#### Task to carry out:
Where the line containing "Grandes montanhas rodeadas" appears below, start there and repeat each line exactly to the end. Leave the pictures out.

#### Given data:
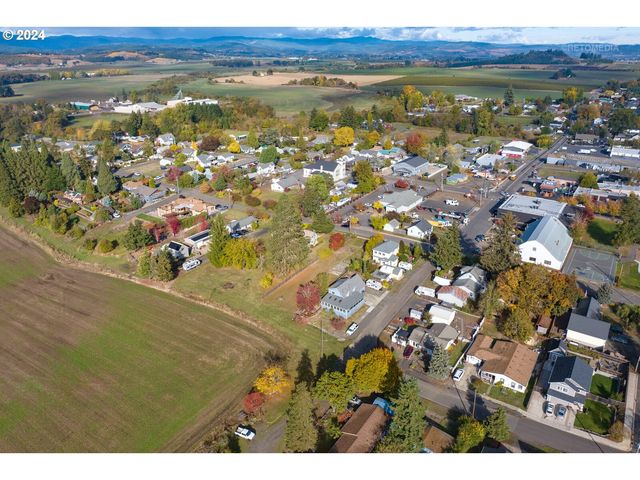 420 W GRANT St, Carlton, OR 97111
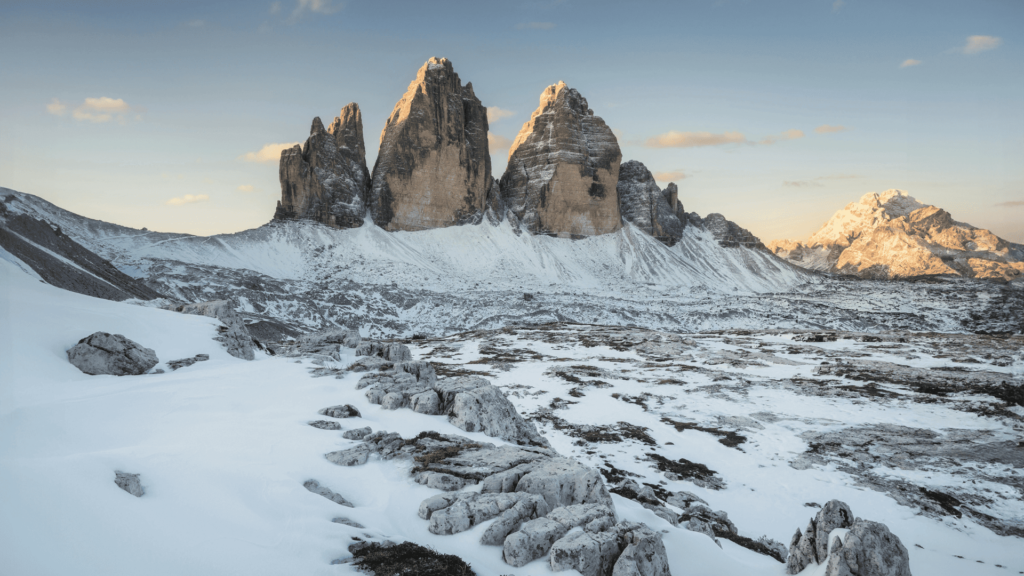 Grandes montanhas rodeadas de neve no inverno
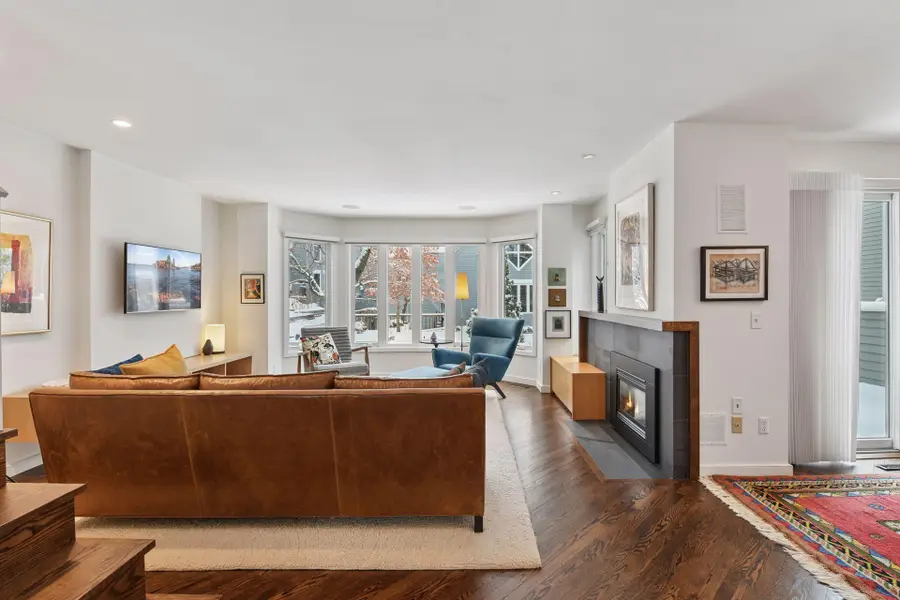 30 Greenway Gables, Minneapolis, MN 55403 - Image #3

#### Exercise result:
 Grandes montanhas rodeadas de neve no inverno
 30 Greenway Gables, Minneapolis, MN 55403 - Image #3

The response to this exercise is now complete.